This is Exercise 21 of the textbook "Abstract Algebra: Theory and Applications" by Thomas W. Judson, 2016; Page 111. Chapter 8 "Algebraic Coding Theory" mainly deals with binary linear code with Hamming code as an example.
Exercise 8.21: If we are to use an error-correcting linear code $C$ to transmit the 128 ASCII characters, what size matrix must be used?
The screenshot is as follows:
My Attempt: I consider the parity check matrix $H_{(n-k) \times n} = [P_{(n-k)\times k}\mid I_{n-k}]$. Let $m = n - k$, the number of parity bits. First of all, the data bit is $k = \log_2 128 = 7$.
Let the error-correcting capability be $t = 1$. The minimum Hamming distance of the linear code $C$ is at least $3$. Therefore, the zero column and $e_i$'s columns are not in $P_{(n-k) \times k}$ (because $H$ contains no idential columns).
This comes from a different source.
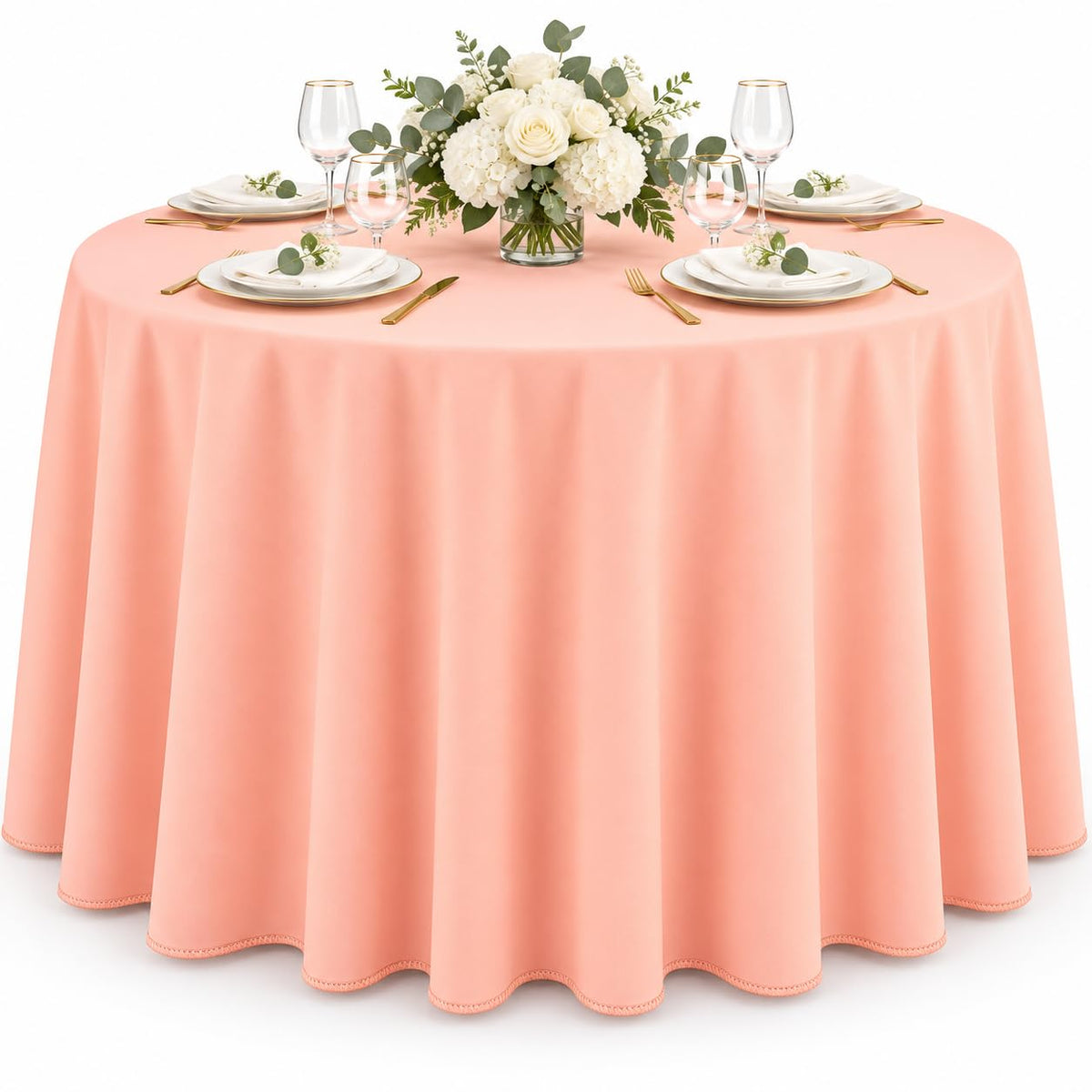 AK TRADING CO. 60 x 102-Inch Rectangular Polyester Tablecloth - Made in USA - Wrinkle-Resistant, Flame Retardant, Durable Party Table Cover, Banquet Tablecloth, Wedding Table Cover - Orange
Thus, we have $2^{m} - m - 1 \ge k$, which gives $m \ge 4$. That is, the matrix size is $4 \times 11$ (Note: not $4 \times 7$ as pointed out in the comment by @Jyrki Lahtonen).
Is the argument above correct?
Also, how to solve this problem for any parameter $t$, the error-correcting capability of $C$?

I assume that by "an error-correcting linear code", they meant a code capable of correcting one (bit) error (per coded symbol).
In that case your reasoning is on the right track (and it's the reasoning used to construct a Hamming code). We know $k=7$, the matrix $H$ will have up to $2^m-1=n$ columns. The smallest Hamming code in our case is then $(15,11)$ ($11$ bits of information plus $4$ of redundacy).
Because this give a code with higher $k$ than needed, we can trim the $11-7=4$ unused data bits, and we are left with a $(11,7)$ code ($7$ bits of information plus $4$ of redundacy).
(Equivalently, the Hamming construction gives the -sufficient- condition of $n\le 2^{n-k}-1$; it's easy to check that, for $k=7$, $n=11$ is the minimum number that fulfill the condition)
If we only need one error detection, a single parity bit is enough, so we have a $(8,7)$ code.